- EXERCISE: The output must reproduce each line of the data word for word.

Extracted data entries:
▬▬▬▬▬▬▬▬▬▬

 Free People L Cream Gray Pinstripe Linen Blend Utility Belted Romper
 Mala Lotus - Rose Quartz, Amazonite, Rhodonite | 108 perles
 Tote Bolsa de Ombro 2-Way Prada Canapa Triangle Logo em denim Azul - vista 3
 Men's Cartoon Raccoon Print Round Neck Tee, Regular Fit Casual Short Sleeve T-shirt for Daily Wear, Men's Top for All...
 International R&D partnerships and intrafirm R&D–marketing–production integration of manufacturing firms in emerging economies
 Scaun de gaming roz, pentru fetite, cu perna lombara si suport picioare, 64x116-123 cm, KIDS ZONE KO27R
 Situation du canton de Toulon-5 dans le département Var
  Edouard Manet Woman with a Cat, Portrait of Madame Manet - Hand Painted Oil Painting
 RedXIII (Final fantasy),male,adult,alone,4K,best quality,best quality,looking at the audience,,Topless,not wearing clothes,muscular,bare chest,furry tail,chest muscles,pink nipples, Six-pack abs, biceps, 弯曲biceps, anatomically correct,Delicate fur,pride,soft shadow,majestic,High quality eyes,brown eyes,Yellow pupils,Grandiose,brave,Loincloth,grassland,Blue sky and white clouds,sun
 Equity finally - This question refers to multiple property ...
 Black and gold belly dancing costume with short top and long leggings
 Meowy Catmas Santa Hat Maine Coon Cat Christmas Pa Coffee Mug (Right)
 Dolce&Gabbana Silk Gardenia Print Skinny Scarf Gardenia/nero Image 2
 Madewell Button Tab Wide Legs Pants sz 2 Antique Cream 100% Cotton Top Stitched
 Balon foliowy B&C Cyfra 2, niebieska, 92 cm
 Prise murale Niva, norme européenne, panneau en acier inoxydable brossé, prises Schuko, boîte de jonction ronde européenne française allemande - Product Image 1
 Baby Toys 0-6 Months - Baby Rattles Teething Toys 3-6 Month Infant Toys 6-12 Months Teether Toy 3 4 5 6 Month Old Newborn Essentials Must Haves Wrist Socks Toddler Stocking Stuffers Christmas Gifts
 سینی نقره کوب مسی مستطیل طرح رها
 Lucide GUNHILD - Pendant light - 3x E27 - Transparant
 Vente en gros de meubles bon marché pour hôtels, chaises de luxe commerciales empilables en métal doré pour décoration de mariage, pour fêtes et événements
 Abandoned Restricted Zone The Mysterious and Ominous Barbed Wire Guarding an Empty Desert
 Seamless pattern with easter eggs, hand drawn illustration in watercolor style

▬▬▬▬▬▬▬▬▬▬

- RESULT BELOW:
 Free People L Cream Gray Pinstripe Linen Blend Utility Belted Romper
 Mala Lotus - Rose Quartz, Amazonite, Rhodonite | 108 perles
 Tote Bolsa de Ombro 2-Way Prada Canapa Triangle Logo em denim Azul - vista 3
 Men's Cartoon Raccoon Print Round Neck Tee, Regular Fit Casual Short Sleeve T-shirt for Daily Wear, Men's Top for All...
 International R&D partnerships and intrafirm R&D–marketing–production integration of manufacturing firms in emerging economies
 Scaun de gaming roz, pentru fetite, cu perna lombara si suport picioare, 64x116-123 cm, KIDS ZONE KO27R
 Situation du canton de Toulon-5 dans le département Var
  Edouard Manet Woman with a Cat, Portrait of Madame Manet - Hand Painted Oil Painting
 RedXIII (Final fantasy),male,adult,alone,4K,best quality,best quality,looking at the audience,,Topless,not wearing clothes,muscular,bare chest,furry tail,chest muscles,pink nipples, Six-pack abs, biceps, 弯曲biceps, anatomically correct,Delicate fur,pride,soft shadow,majestic,High quality eyes,brown eyes,Yellow pupils,Grandiose,brave,Loincloth,grassland,Blue sky and white clouds,sun
 Equity finally - This question refers to multiple property ...
 Black and gold belly dancing costume with short top and long leggings
 Meowy Catmas Santa Hat Maine Coon Cat Christmas Pa Coffee Mug (Right)
 Dolce&Gabbana Silk Gardenia Print Skinny Scarf Gardenia/nero Image 2
 Madewell Button Tab Wide Legs Pants sz 2 Antique Cream 100% Cotton Top Stitched
 Balon foliowy B&C Cyfra 2, niebieska, 92 cm
 Prise murale Niva, norme européenne, panneau en acier inoxydable brossé, prises Schuko, boîte de jonction ronde européenne française allemande - Product Image 1
 Baby Toys 0-6 Months - Baby Rattles Teething Toys 3-6 Month Infant Toys 6-12 Months Teether Toy 3 4 5 6 Month Old Newborn Essentials Must Haves Wrist Socks Toddler Stocking Stuffers Christmas Gifts
 سینی نقره کوب مسی مستطیل طرح رها
 Lucide GUNHILD - Pendant light - 3x E27 - Transparant
 Vente en gros de meubles bon marché pour hôtels, chaises de luxe commerciales empilables en métal doré pour décoration de mariage, pour fêtes et événements
 Abandoned Restricted Zone The Mysterious and Ominous Barbed Wire Guarding an Empty Desert
 Seamless pattern with easter eggs, hand drawn illustration in watercolor style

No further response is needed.